# [GOAL OF THE EXERCISE]
Return every line of the data below that includes the string "Toyota".

[[ GIVEN ENTRIES open ]]

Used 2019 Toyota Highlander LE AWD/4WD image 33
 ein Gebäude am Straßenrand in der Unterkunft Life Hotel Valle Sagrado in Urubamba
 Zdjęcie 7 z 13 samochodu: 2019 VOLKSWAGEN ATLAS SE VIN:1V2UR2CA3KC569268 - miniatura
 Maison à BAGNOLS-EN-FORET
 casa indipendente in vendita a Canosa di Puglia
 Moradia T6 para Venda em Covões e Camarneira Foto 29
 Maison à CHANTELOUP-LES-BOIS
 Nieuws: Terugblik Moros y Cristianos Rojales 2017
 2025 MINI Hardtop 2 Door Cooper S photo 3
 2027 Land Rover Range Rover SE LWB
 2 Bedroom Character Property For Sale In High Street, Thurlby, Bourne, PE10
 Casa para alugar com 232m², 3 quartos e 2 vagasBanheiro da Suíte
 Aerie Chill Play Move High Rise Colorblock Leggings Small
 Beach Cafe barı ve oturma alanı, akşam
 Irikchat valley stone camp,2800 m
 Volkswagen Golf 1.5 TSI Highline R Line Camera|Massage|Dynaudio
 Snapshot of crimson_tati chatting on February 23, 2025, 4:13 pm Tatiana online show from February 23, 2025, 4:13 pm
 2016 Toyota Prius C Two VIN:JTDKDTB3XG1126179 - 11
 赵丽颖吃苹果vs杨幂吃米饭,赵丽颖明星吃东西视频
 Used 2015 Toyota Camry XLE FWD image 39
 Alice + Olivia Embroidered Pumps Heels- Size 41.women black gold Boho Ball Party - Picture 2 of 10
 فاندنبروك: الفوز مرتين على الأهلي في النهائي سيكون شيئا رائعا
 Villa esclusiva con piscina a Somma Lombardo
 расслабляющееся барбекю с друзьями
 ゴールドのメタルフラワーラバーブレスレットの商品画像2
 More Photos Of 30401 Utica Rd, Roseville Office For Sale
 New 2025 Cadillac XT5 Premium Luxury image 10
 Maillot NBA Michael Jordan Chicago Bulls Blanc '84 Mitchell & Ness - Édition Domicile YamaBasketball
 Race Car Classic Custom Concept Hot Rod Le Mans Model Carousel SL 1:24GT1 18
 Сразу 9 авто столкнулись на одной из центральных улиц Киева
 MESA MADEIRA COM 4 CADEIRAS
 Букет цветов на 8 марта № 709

[[ GIVEN ENTRIES closed ]]

# [RESPONSE TO THE EXERCISE]
Used 2019 Toyota Highlander LE AWD/4WD image 33
 2016 Toyota Prius C Two VIN:JTDKDTB3XG1126179 - 11
 Used 2015 Toyota Camry XLE FWD image 39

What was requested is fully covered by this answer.